Boston, MA 06/03/2014 (wallstreetpr) – The private equity firm Blackstone Group L.P. (NYSE:BX) continues to put its money where its heart is. The company can be seen pursuing energy investments with vigor as it anticipates growth in the industry. The company’s latest energy target is Duke Energy Corp (NYSE:DUK).
Blackstone Group L.P. (NYSE:BX) has teamed up with Riverstone Holding to bid on Duke Energy’s power plants in the Midwest in a deal that could fetch $2.5 billion for Duke Energy. The energy company has earmarked a portfolio of 11 power plants for sale as it does not consider the assets strategic to its business thesis. As such, several private equity firms have stepped forward to bid for the assets.
Towards the sale of the 11 Midwestern electricity power plants, Duke Energy hired Morgan Stanley (NYSE:MS) and Citigroup Inc (NYSE:C) to advise it on the sale of the assets. According to Duke Energy’s documents marketing the sale, the 11 power plants served energy providers that include First Energy Corp, Dominion Resources Inc and Dayton Power and Light Co.
Betting On Price Recovery
The shale boom in the U.S. has created a price strain for electricity generators because of the lower costs of natural gas.
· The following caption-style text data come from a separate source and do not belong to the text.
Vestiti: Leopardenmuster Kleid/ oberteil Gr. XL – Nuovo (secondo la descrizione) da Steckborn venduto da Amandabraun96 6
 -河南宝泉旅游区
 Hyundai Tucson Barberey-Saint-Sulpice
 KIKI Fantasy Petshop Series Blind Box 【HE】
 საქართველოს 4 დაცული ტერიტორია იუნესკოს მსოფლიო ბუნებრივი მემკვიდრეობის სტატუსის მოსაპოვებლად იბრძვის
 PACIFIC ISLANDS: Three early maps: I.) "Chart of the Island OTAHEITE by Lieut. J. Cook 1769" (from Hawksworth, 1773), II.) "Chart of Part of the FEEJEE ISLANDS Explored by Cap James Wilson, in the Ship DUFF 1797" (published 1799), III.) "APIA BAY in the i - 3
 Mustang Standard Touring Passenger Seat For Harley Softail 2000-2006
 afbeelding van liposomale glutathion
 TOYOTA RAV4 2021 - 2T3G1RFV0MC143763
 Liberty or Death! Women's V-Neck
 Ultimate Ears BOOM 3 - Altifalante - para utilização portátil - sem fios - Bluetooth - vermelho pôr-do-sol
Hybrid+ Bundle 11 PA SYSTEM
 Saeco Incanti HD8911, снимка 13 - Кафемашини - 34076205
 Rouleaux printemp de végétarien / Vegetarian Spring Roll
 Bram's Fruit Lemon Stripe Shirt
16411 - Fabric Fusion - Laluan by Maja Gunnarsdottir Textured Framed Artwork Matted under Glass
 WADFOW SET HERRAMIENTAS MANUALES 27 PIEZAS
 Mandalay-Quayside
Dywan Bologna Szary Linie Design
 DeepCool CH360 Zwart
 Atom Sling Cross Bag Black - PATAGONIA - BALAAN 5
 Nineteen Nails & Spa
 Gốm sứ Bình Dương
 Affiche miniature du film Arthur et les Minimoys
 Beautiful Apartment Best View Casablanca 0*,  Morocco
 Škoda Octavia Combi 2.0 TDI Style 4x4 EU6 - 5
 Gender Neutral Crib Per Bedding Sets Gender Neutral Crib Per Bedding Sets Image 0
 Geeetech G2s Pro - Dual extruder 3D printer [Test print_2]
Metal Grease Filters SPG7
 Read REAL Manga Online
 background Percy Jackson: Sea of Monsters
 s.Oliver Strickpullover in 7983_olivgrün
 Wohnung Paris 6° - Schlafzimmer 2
However, in bidding for the Duke Energy’s electricity facilities, Blackstone Group L.P. (NYSE:BX) and its partner Riverstone are betting on a recovery in electricity prices.
Other investors are also making the same bet, and they include Energy Capital Partners, a private equity firm focused on energy, and Energy Investors Fund, another energy-focused private equity firm.
Blackstone’s growing interest in energy is in the public domain. The company recently put $685 million to acquire three gas-fired power plants in Texas from Direct Energy, U.S. unit of Centrica PLC.
Other Dealings
In addition to energy investment, Blackstone Group L.P. (NYSE:BX) recently sold a portion of its real estate properties in the Boston area for $2.1 billion. The five office properties in Boston sold last month were part of the real estate assets that the company gained through its acquisition of Equity Office Properties Trust for $39 billion before the financial crisis.